My nginx config not working as expected

PaulKellerman · September 10, 2024, 9:35pm

I created 2 files that are being included by default:

/etc/nginx/conf.d/limiter.conf

limit_conn_zone $binary_remote_addr zone=addr:10m;

/home/admin/conf/web/actual.domain.com/nginx.conf_stopdirect

error_page 503 503.html;

location /downloads/ {
        internal;
        limit_conn addr 2;
        limit_rate 1m;
        add_header X-Robots-Tag "noindex, nofollow" always;
}

I did nginx -T
no errors, i see them getting included.

I expect not to have direct access via web browser to anything inside /downloads/ but i do.
I noticed the directory index does indeed 403 but not its contents.

The limit_rate 1m; is about 1MB/s, it’s being ignored.
I also tried limit_rate 5200k; also ignored.

I’m confident this config works cos i’ve used it with serverpilot for years, i think i’m the rigth context? limiter.conf inside http and nginx.conf_stopdirect on server context.

What am i doing wrong?

sahsanu · September 10, 2024, 9:43pm

I can’t say anything about the conf but if your site is using https, you must also add the right conf for https schema.

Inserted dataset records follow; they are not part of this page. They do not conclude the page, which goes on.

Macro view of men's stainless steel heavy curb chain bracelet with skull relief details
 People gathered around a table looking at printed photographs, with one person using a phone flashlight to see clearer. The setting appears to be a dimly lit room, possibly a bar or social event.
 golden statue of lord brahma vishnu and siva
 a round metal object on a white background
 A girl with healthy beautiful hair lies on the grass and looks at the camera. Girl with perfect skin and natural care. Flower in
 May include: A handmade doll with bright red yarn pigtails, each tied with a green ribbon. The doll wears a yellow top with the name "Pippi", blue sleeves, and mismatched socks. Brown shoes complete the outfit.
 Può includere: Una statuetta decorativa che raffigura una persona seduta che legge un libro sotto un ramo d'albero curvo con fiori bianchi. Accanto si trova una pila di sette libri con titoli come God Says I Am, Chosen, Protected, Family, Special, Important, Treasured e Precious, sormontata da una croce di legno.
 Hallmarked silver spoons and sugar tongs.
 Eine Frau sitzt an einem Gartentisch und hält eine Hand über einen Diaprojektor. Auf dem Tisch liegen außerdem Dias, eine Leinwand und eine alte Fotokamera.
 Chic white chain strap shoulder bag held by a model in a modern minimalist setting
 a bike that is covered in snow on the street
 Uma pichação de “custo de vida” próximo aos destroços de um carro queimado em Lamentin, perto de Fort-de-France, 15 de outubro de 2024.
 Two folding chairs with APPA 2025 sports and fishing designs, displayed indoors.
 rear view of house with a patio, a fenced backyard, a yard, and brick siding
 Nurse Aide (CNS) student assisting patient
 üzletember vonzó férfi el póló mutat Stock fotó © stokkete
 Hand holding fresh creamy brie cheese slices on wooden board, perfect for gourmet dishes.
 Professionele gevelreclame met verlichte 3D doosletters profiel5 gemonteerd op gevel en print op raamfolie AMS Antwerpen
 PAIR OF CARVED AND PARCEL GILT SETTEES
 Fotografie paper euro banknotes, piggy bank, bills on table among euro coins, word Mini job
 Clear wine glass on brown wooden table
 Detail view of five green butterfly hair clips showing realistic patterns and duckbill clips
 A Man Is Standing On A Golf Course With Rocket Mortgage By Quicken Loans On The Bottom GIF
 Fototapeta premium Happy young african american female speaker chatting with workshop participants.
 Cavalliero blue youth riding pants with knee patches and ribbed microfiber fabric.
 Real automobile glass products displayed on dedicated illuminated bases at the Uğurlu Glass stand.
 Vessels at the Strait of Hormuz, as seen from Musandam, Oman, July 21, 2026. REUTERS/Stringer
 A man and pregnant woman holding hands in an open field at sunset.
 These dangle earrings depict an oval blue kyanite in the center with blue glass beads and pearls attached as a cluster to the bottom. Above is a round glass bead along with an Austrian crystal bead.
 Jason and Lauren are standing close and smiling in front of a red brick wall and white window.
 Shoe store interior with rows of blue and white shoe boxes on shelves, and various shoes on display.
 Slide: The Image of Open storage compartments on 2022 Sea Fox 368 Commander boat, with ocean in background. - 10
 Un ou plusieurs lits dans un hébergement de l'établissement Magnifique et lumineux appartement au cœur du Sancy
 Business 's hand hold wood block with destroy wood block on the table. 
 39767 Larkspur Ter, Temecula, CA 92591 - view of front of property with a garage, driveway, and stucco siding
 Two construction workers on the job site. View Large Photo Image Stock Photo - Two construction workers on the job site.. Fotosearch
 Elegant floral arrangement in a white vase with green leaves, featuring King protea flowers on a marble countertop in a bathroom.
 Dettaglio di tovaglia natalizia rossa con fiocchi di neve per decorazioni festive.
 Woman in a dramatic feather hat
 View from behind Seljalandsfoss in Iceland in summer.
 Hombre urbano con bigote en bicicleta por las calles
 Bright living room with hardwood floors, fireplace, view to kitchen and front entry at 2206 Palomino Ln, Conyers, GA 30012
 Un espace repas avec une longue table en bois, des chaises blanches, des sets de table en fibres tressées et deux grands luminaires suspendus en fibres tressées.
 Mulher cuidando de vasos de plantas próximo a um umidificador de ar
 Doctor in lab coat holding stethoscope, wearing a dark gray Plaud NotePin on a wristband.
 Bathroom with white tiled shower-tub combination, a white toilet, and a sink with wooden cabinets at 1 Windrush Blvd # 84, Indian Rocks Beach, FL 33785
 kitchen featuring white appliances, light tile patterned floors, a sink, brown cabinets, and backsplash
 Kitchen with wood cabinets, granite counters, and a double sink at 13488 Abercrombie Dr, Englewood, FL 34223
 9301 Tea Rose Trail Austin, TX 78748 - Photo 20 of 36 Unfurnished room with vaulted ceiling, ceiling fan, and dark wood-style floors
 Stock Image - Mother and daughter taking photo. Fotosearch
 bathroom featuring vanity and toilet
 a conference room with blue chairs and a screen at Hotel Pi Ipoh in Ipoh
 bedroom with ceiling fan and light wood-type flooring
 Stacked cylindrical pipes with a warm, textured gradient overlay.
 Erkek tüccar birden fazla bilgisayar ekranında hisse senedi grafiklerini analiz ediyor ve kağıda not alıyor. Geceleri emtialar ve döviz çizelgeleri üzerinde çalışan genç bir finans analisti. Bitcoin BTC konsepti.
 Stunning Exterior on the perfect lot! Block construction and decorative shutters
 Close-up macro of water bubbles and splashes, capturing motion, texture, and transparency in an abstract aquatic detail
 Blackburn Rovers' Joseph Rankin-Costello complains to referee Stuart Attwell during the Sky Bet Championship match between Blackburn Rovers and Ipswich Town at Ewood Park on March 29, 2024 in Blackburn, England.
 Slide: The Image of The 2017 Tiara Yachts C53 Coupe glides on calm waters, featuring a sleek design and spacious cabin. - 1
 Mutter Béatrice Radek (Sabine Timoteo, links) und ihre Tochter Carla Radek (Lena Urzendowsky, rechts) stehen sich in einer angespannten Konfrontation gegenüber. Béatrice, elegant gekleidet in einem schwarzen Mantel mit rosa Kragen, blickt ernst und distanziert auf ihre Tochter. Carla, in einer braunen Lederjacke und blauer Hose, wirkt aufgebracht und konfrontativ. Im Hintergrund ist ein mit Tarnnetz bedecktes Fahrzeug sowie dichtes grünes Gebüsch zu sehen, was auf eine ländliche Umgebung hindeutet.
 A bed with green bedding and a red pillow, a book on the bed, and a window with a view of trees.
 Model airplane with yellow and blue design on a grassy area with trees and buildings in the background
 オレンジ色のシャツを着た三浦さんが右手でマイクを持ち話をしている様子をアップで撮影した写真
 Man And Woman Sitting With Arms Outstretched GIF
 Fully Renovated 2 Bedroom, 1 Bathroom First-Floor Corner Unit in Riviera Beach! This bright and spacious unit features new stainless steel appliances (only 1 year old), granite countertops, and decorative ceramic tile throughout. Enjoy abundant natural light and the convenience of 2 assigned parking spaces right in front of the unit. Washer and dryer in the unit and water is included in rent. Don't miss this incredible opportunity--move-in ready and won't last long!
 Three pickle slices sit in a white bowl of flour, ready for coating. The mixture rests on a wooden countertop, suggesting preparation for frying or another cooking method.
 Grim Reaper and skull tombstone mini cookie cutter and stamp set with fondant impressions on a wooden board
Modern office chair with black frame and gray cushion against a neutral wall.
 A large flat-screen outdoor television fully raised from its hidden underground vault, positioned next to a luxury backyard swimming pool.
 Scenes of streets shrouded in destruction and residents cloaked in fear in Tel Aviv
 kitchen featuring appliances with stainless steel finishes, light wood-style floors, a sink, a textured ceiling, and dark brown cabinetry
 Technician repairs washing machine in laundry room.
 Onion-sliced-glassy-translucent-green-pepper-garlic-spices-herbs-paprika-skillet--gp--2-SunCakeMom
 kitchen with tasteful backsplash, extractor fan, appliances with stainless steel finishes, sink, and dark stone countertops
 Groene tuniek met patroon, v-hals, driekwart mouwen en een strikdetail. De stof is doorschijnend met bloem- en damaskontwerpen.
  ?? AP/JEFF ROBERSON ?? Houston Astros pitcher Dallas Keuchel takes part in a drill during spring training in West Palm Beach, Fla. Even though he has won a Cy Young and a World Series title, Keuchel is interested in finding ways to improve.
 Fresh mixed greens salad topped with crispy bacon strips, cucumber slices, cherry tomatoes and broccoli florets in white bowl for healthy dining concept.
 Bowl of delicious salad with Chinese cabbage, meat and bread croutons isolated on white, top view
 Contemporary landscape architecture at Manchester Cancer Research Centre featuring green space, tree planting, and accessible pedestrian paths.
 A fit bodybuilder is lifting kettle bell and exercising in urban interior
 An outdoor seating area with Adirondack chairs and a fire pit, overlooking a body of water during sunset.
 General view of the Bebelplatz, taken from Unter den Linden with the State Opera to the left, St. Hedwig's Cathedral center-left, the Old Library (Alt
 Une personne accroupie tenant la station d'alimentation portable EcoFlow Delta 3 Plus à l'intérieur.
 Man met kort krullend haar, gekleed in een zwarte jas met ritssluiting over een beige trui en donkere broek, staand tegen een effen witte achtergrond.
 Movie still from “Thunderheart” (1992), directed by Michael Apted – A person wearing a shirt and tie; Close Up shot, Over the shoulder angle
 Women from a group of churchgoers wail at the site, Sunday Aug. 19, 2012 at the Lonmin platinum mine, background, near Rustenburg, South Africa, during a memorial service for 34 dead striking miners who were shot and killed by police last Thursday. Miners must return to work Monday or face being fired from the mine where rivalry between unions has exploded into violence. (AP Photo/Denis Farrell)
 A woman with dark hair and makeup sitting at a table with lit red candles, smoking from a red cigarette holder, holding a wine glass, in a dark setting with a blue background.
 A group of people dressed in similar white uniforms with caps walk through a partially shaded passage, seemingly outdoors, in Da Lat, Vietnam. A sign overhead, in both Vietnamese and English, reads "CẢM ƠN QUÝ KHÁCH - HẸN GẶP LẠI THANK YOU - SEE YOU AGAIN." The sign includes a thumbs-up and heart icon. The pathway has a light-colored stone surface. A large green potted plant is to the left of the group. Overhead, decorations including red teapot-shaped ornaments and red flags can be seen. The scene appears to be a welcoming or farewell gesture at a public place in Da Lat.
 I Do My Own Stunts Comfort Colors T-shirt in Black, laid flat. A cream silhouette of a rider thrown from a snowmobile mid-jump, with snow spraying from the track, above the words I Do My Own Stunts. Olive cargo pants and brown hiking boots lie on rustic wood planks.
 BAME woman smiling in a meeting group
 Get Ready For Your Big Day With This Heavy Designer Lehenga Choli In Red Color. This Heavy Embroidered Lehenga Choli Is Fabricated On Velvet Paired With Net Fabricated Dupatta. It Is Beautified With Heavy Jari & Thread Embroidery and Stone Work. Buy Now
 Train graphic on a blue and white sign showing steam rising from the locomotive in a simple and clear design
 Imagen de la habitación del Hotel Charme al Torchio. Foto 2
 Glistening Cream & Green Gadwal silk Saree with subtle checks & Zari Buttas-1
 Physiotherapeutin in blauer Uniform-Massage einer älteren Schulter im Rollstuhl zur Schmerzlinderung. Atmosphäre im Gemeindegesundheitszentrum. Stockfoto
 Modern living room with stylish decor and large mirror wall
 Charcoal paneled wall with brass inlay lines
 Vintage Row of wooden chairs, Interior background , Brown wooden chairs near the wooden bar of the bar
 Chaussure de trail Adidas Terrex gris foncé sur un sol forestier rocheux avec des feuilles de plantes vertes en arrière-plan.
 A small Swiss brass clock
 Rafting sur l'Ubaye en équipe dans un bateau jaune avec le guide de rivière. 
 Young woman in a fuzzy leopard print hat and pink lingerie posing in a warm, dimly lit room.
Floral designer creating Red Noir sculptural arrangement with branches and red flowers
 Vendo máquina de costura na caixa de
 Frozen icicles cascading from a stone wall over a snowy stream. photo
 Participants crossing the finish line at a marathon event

cd /home/admin/conf/web/actual.domain.com/
ln -s nginx.conf_stopdirect nginx.ssl.conf_stopdirect
systemctl reload nginx

PaulKellerman · September 10, 2024, 10:05pm

Hi, that worked way too well it did block direct access but now downloading via php script 404’s (before running that command i could download via the same php script and directly)

sahsanu · September 10, 2024, 10:29pm

The only thing that command did, was to add the conf to your nginx ssl conf.

PaulKellerman · September 11, 2024, 4:40pm

Right. thanks!
Can you tell me if this:
/etc/nginx/conf.d/limiter.conf
would affect both ssl and not ssl configs? it’s http context afaik.

sahsanu · September 11, 2024, 5:22pm

Yes, it’s http context and it will affect to ALL the confs of your sites.